# new coming bands vs old classic bands



## Seening (May 23, 2011)

I really would like to know what your tastes are. Can you write which of you like more new bands and which old classic bands? and why? Thanks for your replays!


----------



## regressivetransphobe (May 16, 2011)

Ehh, that's kind of a false dichotomy. Hard to split it so evenly with so many genres.

Anyway, anybody who feels like they lean more toward older (by what measure?) bands need to remember that a lot of the old mediocrities and flavors of the week are buried and forgotten by now. The new stuff that's horrible is still in the immediate loudness of its 15 minutes of fame, and constantly in our face, so it's all too easy to pretend "the old days" (relative to any time) were better musically and use that cynicism as an excuse not to seek out the good obscure stuff today.


----------



## kv466 (May 18, 2011)

Yeah, people today just keep pumping out stuff as significant as Axis: Bold As Love and Houses of the Holy all the time these days!...The Wall, Animals and all those Beatles albums are good but if you really want you can find stuff just as good today......give me a break......


----------



## tdc (Jan 17, 2011)

Rock music started to bore me a looooonnnnngggg time ago, so I cant really speak about most new bands, but I will say, most non-classical music nowadays is (and lets face it, its pretty much always been this way) is pretty much equally about the image an artist is selling as much as the sounds themselves being produced therefore 'art music' always wins out for me, and I don't pay much attention to the rest.

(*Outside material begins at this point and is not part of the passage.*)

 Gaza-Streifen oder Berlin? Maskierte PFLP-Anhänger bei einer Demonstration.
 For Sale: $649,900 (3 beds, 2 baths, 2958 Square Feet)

No false idols or rock gods for me thank you very much.


----------



## Iforgotmypassword (May 16, 2011)

I like music of all genres from all time periods, I don't allow simple things such as old and new to prejudice me against them.


----------



## Weston (Jul 11, 2008)

regressivetransphobe said:


> Ehh, that's kind of a false dichotomy. Hard to split it so evenly with so many genres.
> 
> Anyway, anybody who feels like they lean more toward older (by what measure?) bands need to remember that a lot of the old mediocrities and flavors of the week are buried and forgotten by now. The new stuff that's horrible is still in the immediate loudness of its 15 minutes of fame, and constantly in our face, so it's all too easy to pretend "the old days" (relative to any time) were better musically and use that cynicism as an excuse not to seek out the good obscure stuff today.

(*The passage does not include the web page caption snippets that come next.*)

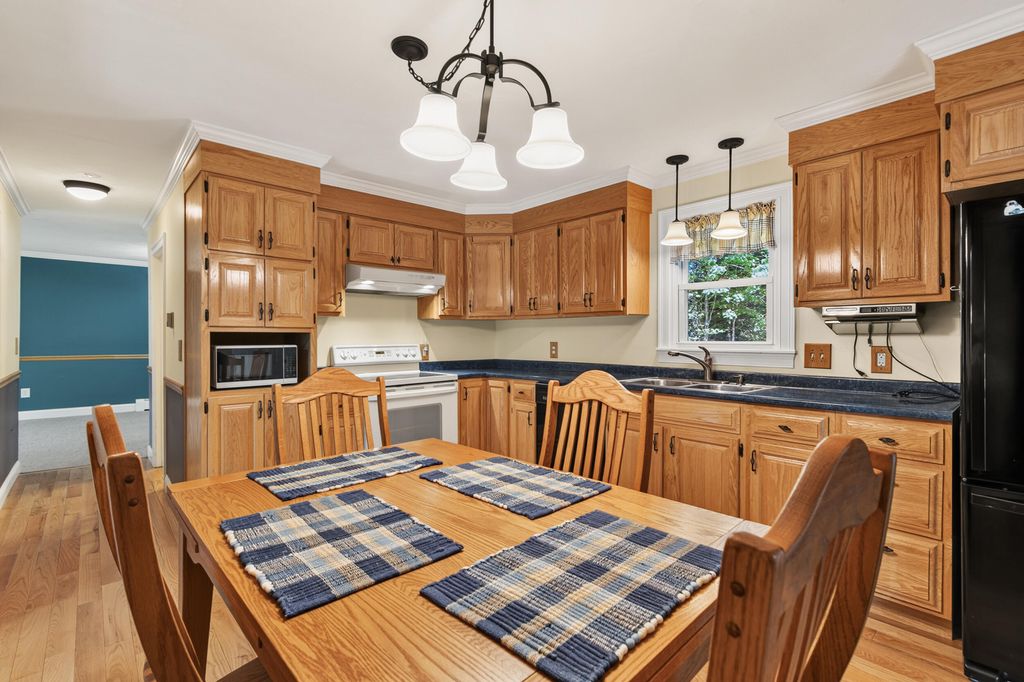25 Pioneer Lane, Standish, ME 04084 — photo 5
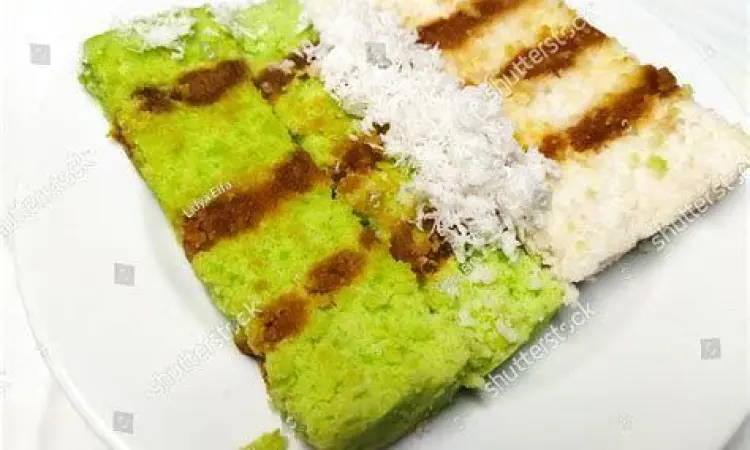 Proses mengukus kue nagasari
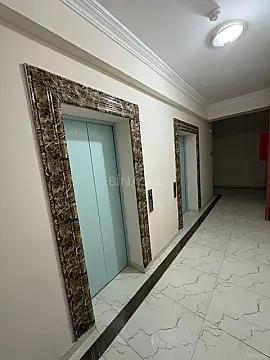 Satılır 4 otaqlı mənzil 120 m²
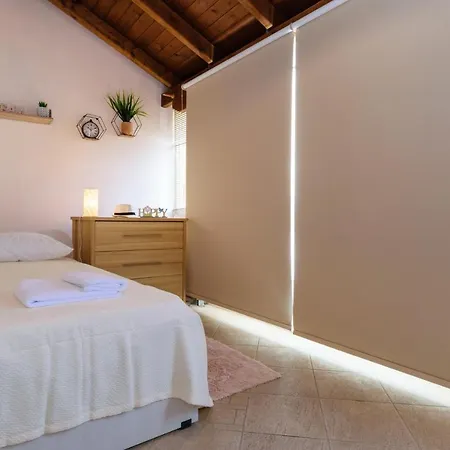 Apartament Penthouse In Quiet Neighborhood Near Sandy Chania (Crete)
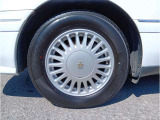純正アルミホイール 205/65R15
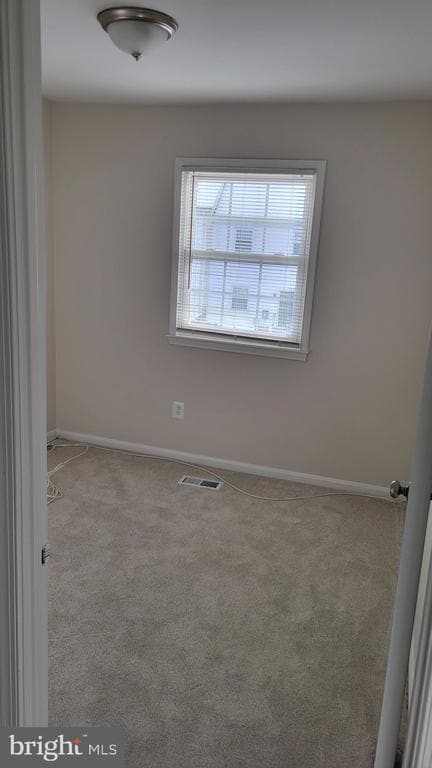 Building Photo - 2055 Pilgrim Dr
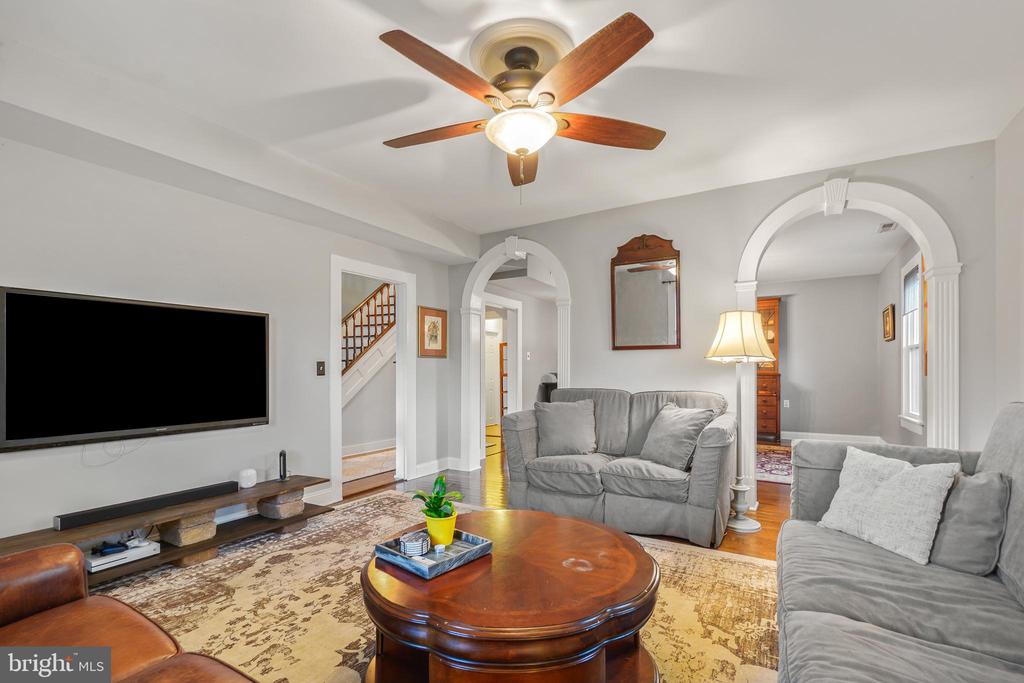 100 E MARSHALL ST, REMINGTON, Virginia 22734, 4 Bedrooms Bedrooms, ,3 BathroomsBathrooms,Residential,100 E MARSHALL ST,VAFQ2016534 MLS # VAFQ2016534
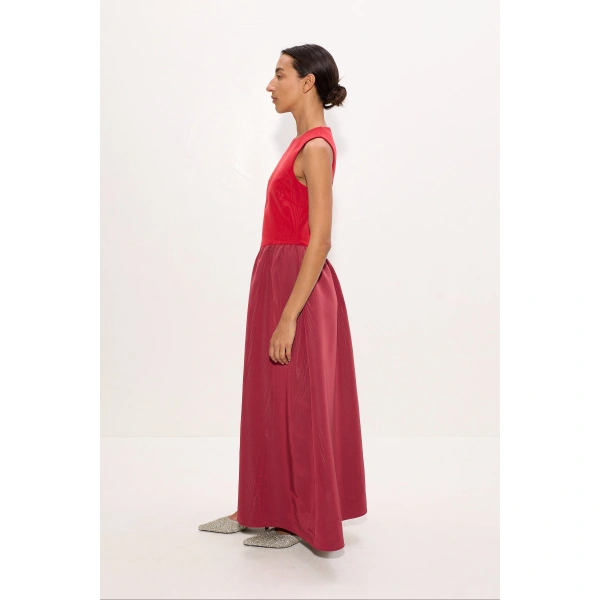 Simon Miller Laurel Moire Midi Dress in Pomegranate and Bordeaux | Midi Dresses | Coveti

Very insightful. I agree with this wholeheartedly. Every era has its outstanding achievements, often buried and hard to notice in all the latest mediocrity until years or even decades later. It was the same in the "classic" rock period. With very few exceptions, the greatest stuff was seldom played on the radio. Take it from someone who was there.

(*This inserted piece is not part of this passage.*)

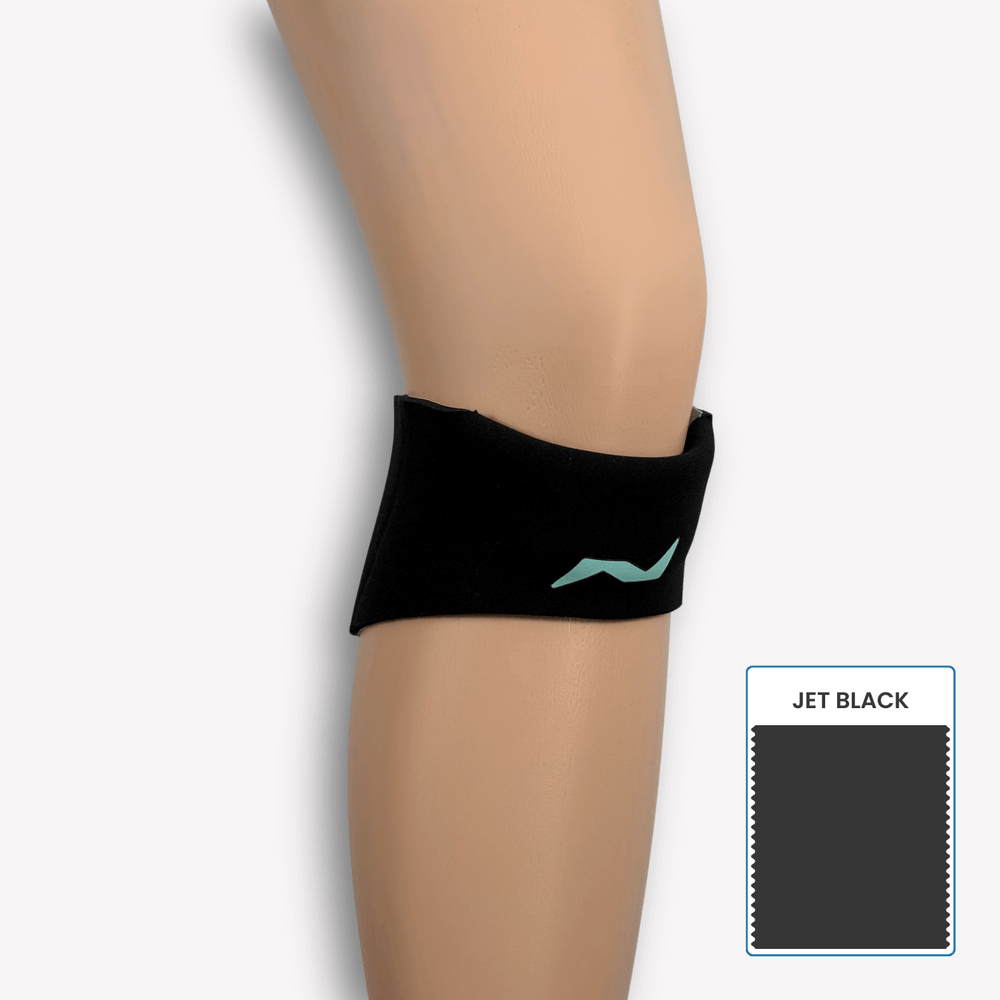 Minimalistisch & effektiv: Die PRO LINE Bandage in Jet Black stabilisiert dein Knie bei Bewegung – unauffällig und maximal funktional.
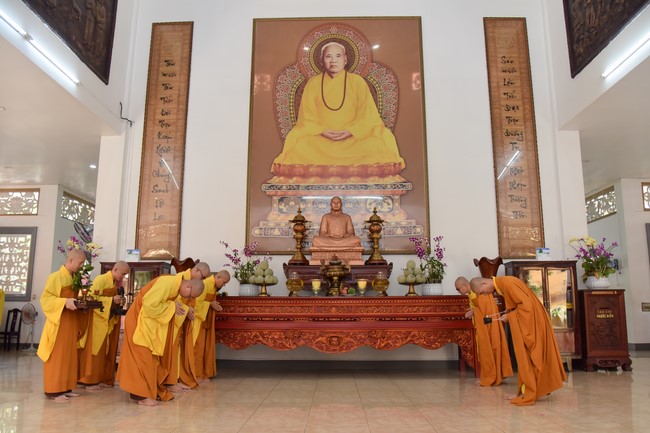 Wedding Ceremony at the pagoda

I think we tend to gravitate toward whatever was the best music when we were between 12 and about 30ish. After that we tend have more and more responsibility and less time to explore to find and appreciate what is really good. So we geezers think the modern pop is garbage. Well, it always was. I can't say Radiohead or Authechre are garbage.


----------



## jhar26 (Jul 6, 2008)

There's good music being made in each period I think. Having said that, when I see something like top 100 lists of 'the best' albums from each decade I must say that those of the 50's (truckloads of great jazz and traditional pop), 60's and 70's look more impressive to me than those from the 80's, 90's and 00's. That doesn't mean that I'm the kind of old fart who automatically dismisses everything that's new. I'm still capable of getting as excited as a teenager listening to, say, the new PJ Harvey album. But judge for yourself. Below are the top 1000 lists for each decade based on the ratings of the thousands of members from the RYM site. It doesn't really matter if you agree with their ranking order, but when you make an overall comparison of the contents of each list I don't think there can be much of an argument that despite the fact that there's great stuff on each of them, 50's-70's was better than 80's-00's....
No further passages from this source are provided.